## Instructions to follow
Quote every line of the data below as it stands, omitting pictures.

## Data shown
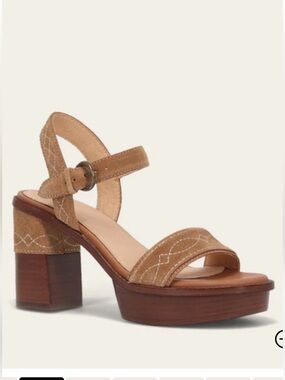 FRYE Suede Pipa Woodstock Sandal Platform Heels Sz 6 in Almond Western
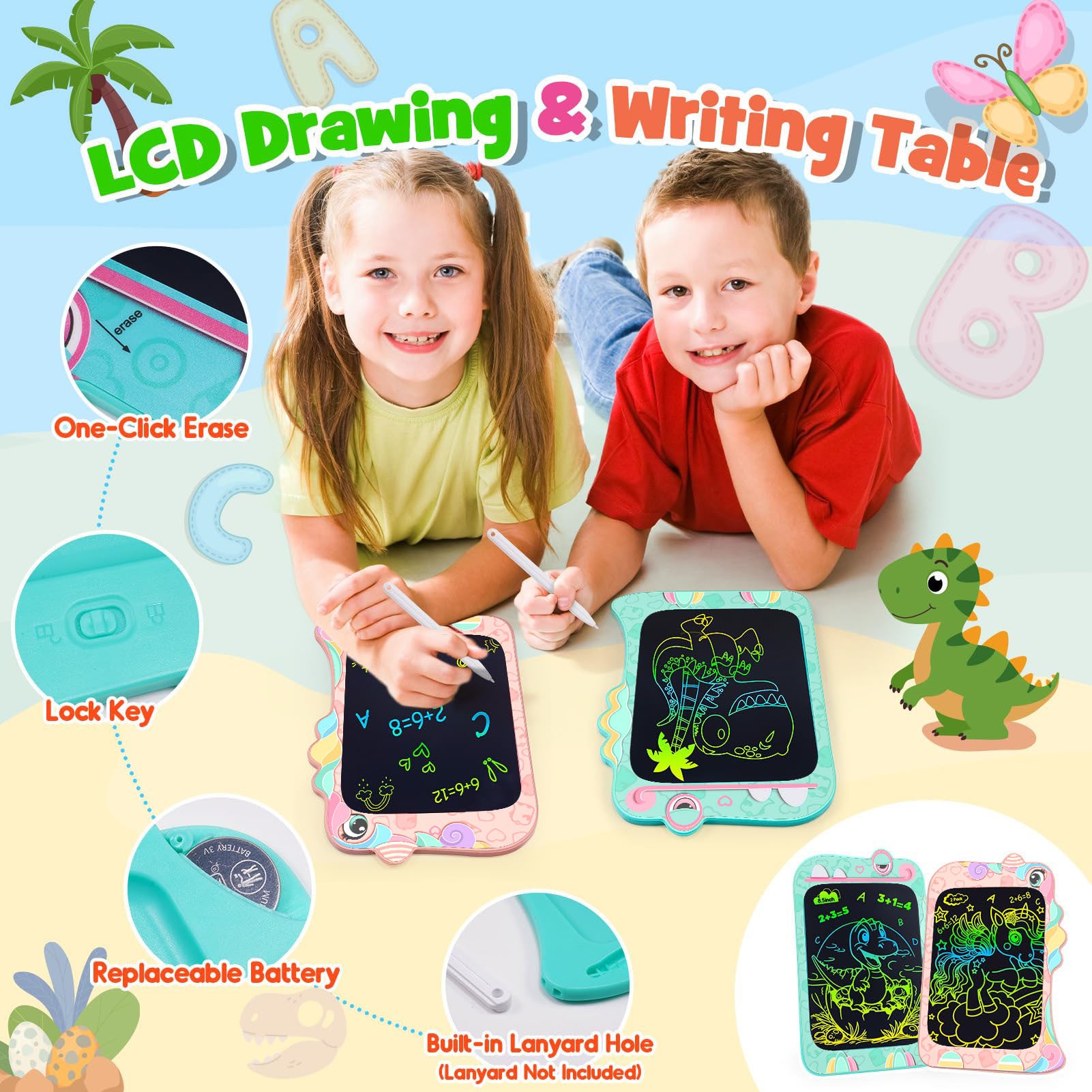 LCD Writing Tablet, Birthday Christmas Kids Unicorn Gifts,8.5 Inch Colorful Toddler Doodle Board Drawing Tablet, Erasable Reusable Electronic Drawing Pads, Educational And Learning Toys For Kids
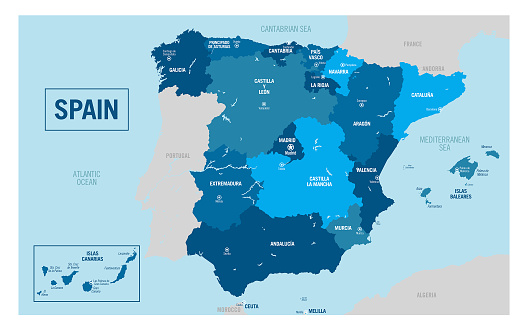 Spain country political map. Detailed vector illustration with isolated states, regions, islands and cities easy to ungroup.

## The answer
 FRYE Suede Pipa Woodstock Sandal Platform Heels Sz 6 in Almond Western
 LCD Writing Tablet, Birthday Christmas Kids Unicorn Gifts,8.5 Inch Colorful Toddler Doodle Board Drawing Tablet, Erasable Reusable Electronic Drawing Pads, Educational And Learning Toys For Kids
 Spain country political map. Detailed vector illustration with isolated states, regions, islands and cities easy to ungroup.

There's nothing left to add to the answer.